Since a month or so, my phone battery is draining very fast. It used to hold for two days sometimes, but suddenly it started draining 10%/hour, and it even runs down at night when I put it in airplane mode.

I've tried to look around online for a solution, and the best match I could come up with seemed to be that I have some wakelock on my phone which is draining the battery. On suggestion of several websites, I installed the Wakelock Detector.

To run the Wakelock detector, I have to connect to a PC via USB, either to root my phone or to run a workaround script (I wanted to do the second). Unfortunately, my phone has not been allowing me the file transfer option for a longer time, all options to use the USB in the USB preferences screen are greyed out.

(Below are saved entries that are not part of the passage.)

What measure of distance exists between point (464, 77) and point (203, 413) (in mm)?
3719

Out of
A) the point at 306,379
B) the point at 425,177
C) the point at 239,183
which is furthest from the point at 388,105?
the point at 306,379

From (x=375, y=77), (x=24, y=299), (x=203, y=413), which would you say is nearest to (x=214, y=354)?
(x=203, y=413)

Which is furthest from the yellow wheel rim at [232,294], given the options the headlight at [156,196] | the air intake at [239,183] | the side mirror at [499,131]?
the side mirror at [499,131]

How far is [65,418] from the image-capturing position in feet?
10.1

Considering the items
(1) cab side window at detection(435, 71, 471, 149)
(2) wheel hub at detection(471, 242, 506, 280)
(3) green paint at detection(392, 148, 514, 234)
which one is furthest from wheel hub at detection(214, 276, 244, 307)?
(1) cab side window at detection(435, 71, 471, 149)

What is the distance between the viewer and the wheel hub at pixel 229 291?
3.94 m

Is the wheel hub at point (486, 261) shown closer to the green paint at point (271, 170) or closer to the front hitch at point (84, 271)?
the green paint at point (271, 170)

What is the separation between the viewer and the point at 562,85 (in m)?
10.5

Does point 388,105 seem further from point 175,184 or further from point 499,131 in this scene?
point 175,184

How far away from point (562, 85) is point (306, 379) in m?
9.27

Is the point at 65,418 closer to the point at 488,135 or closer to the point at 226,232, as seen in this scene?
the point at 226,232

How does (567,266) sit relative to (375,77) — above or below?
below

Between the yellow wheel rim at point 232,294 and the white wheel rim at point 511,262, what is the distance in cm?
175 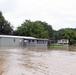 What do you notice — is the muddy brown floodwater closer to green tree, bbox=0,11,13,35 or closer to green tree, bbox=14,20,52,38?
green tree, bbox=0,11,13,35

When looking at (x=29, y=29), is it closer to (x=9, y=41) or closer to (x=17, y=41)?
(x=17, y=41)

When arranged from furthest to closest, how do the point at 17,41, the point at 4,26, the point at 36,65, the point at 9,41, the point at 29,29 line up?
the point at 29,29 → the point at 4,26 → the point at 17,41 → the point at 9,41 → the point at 36,65

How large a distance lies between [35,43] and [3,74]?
5086 cm

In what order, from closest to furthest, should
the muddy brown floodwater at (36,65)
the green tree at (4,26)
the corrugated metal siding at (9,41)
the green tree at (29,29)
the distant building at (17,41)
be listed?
1. the muddy brown floodwater at (36,65)
2. the corrugated metal siding at (9,41)
3. the distant building at (17,41)
4. the green tree at (4,26)
5. the green tree at (29,29)

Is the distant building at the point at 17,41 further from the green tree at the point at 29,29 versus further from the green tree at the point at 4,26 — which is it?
the green tree at the point at 4,26

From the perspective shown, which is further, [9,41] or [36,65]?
[9,41]

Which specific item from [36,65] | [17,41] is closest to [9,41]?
[17,41]

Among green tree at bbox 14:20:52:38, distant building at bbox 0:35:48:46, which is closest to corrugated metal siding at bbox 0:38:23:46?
distant building at bbox 0:35:48:46

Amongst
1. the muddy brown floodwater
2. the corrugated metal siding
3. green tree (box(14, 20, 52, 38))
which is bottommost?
the muddy brown floodwater

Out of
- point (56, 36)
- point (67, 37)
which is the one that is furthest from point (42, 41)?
point (56, 36)

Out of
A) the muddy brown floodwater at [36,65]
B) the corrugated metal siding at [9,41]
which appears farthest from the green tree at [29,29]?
the muddy brown floodwater at [36,65]

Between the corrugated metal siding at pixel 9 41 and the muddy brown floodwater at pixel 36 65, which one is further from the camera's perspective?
the corrugated metal siding at pixel 9 41

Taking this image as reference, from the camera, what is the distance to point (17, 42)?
53094mm

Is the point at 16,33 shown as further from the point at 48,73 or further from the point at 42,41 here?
the point at 48,73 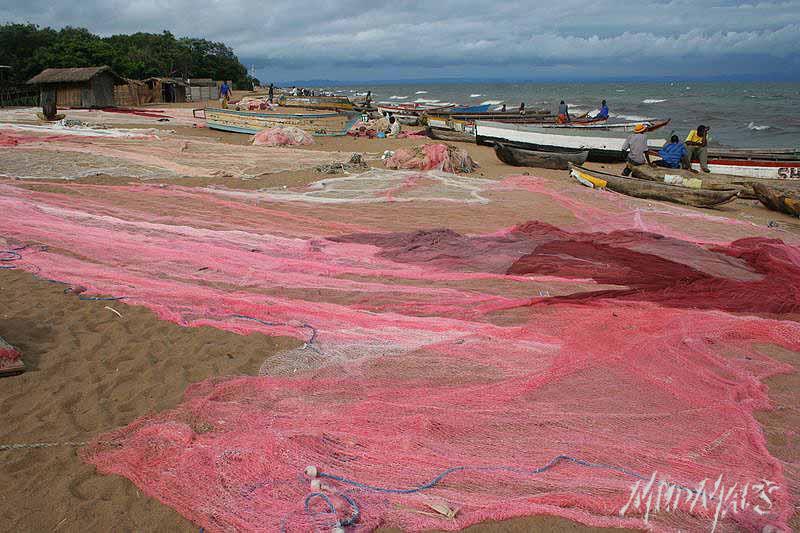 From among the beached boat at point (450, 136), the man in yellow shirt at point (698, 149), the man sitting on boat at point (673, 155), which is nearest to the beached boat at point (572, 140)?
the beached boat at point (450, 136)

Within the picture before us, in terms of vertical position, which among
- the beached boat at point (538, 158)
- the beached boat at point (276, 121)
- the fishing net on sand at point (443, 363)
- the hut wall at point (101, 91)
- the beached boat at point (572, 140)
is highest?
the hut wall at point (101, 91)

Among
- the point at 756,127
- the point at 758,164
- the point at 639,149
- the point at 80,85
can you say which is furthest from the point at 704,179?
the point at 80,85

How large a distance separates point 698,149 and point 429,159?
6.76 metres

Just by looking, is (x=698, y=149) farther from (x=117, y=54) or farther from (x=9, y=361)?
(x=117, y=54)

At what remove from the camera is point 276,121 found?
19.6 m

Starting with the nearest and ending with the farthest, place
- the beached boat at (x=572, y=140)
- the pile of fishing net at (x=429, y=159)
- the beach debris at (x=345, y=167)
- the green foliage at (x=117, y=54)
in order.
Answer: the beach debris at (x=345, y=167)
the pile of fishing net at (x=429, y=159)
the beached boat at (x=572, y=140)
the green foliage at (x=117, y=54)

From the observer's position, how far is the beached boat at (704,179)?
35.7 ft

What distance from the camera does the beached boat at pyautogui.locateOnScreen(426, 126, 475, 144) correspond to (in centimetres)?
2148

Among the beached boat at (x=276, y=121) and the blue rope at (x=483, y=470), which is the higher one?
the beached boat at (x=276, y=121)

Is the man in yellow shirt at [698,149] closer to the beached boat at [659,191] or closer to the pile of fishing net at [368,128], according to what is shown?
the beached boat at [659,191]

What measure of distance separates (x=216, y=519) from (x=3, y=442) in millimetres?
1405

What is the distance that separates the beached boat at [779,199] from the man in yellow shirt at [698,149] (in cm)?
244

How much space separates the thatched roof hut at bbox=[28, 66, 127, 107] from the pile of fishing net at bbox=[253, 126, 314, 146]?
662 inches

I tried solving that in the following ways:
- Other USB port/cable/laptop,
- Install universal android driver on laptop (Xiaomi's website does not seem to contain any drivers?),
all to no avail.

Any help would be greatly appreciated since it's really annoying to have to charge my phone twice per day! And ofcourse it's also convenient to be able to transfer files via USB...

Thanks in advance.


----------



## Mukith82 (May 31, 2020)

I've experienced both issues but I'm not sure ever together. 

For the USB data transfer I think I resolved by both using a new cable and also removing the old drivers. Some cables seem to only work well for charging but not for data. If your using windows 10 once you connect a new device, or reconnect after removing drivers, the system should automatically download compatible drivers. You can also force the default option to data transfer by enabling developer options and finding the option for "default USB configuration" but I never had to do that.

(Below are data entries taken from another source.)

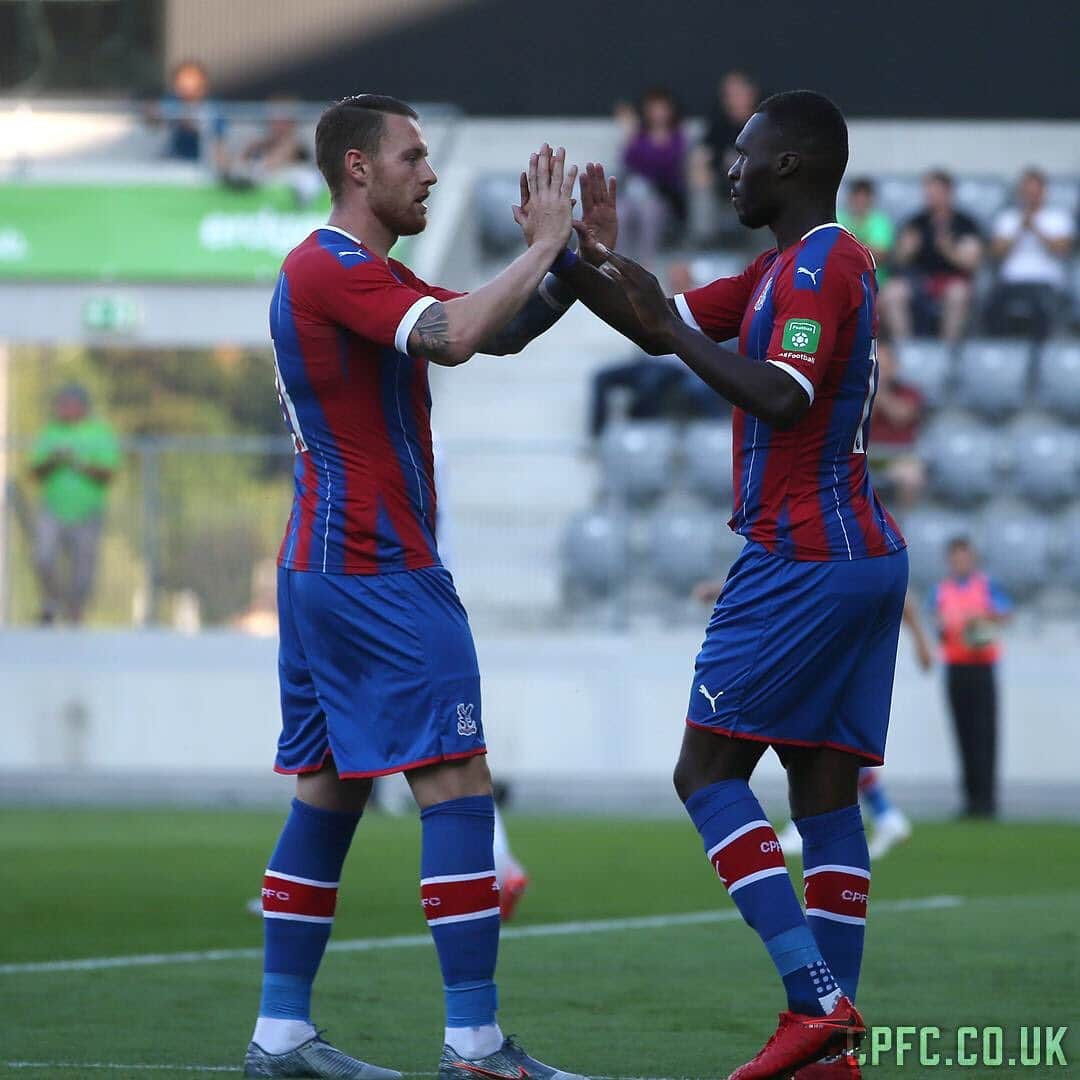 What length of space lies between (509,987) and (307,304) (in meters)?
2.68

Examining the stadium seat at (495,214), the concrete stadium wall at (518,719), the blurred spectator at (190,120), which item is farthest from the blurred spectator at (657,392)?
the blurred spectator at (190,120)

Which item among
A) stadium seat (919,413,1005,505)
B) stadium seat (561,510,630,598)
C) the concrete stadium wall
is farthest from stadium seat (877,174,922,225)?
the concrete stadium wall

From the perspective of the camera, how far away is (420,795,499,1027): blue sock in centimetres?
514

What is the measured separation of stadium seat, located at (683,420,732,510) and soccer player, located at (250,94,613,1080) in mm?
11938

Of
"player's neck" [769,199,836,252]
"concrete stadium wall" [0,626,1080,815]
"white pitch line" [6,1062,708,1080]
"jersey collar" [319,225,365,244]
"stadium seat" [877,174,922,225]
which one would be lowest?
"concrete stadium wall" [0,626,1080,815]

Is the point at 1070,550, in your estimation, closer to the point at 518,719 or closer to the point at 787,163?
the point at 518,719

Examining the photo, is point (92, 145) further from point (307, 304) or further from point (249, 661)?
point (307, 304)

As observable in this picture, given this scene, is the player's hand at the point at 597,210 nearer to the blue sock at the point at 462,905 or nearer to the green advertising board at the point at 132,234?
the blue sock at the point at 462,905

Battery drain issues are annoying. Sometimes they happen after an update but eventually just resolve themselves after several restarts. On my old Redmi note 3 I did find that the system was having an issue with my old SD card. You can unmount the SD card from settings and see if this makes a difference. If it does it may be an issue with the card. I just removed mine permanently as I didn't need the storage. On a different occasion Xiaomi updated firmware and I had battery drain issues until I disabled "MIUI optimisation" but sin you have an Android 1 device this shouldn't affect you.

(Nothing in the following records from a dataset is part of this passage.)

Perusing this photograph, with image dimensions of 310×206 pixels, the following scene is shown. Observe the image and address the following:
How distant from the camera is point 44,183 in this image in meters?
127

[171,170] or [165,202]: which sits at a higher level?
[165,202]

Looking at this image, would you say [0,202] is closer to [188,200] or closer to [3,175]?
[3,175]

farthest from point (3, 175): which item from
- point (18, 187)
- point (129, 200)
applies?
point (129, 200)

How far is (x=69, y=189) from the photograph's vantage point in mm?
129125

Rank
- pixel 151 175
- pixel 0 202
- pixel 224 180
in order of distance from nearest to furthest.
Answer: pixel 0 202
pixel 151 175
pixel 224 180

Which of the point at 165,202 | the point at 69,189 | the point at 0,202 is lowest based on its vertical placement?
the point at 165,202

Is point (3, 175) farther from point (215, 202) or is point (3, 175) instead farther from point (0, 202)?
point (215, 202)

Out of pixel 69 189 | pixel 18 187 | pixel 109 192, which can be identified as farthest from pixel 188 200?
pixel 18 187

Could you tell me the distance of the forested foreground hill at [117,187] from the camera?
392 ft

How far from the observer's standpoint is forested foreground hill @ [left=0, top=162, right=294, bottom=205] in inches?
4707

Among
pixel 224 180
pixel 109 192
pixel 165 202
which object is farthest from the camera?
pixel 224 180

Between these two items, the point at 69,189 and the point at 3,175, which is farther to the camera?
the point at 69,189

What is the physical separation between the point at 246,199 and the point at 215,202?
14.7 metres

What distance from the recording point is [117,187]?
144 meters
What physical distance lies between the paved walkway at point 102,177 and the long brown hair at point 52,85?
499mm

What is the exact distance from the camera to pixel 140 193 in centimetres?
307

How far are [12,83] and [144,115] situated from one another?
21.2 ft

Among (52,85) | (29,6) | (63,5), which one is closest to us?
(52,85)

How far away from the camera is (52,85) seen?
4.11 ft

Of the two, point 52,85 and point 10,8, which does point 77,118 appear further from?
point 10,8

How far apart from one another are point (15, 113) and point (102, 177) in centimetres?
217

Hopefully you find a solution.


----------



## peppimeister (May 28, 2020)

Thank you for your reply Mukith!

In the end, I did a factory reset, which seems to have resolved the battery drain issue.

The USB transfer was still not possible however. I know for sure that it's not the cable, because (i) it was possible with this cable two months ago and (ii) I used my roommate's cable which he uses to transfer data. There is something strange with the drivers though. I removed the drivers as you suggested, but when I connect my phone, it does not automatically download drivers...

Also when I reinstall drivers manually, they don't show up in the device manager list. Really have no clue how to solve this...


----------



## plodr (Jun 27, 2014)

When you connect the phone to your laptop does it charge?


----------



## peppimeister (May 28, 2020)

plodr said:


> When you connect the phone to your laptop does it charge?


Yes.


----------



## plodr (Jun 27, 2014)

Then try this
1. tap+hold+drag from the top of your screen until you see USB charging this device.
2. Click on USB charging this device and you will see 4 options:
Charge this device
Transfer files
Transfer photos (PTP)
Use device as MIDI
3. Select transfer files.


----------



## peppimeister (May 28, 2020)

plodr said:


> Then try this
> 1. tap+hold+drag from the top of your screen until you see USB charging this device.
> 2. Click on USB charging this device and you will see 4 options:
> Charge this device
> ...


Unfortunately, when I scroll down the top of the screen, this banner is not showing up (it used to, I know exactly what you mean). When I go through settings to the 'Use USB for' screen, all other options than charging are greyed out and I cannot select them.

I also tried to go to developer options to turn on transfer files by default, but this also did not work.


----------



## plodr (Jun 27, 2014)

Sorry, I have no other ideas.

Workaround: put into an email files, photos, music you want on the other device. Pick up the email on the device you want these files on and download them to this device.
It is cumbersome but if you can not transfer using the USB charging cable, I don't see what else you can do.


----------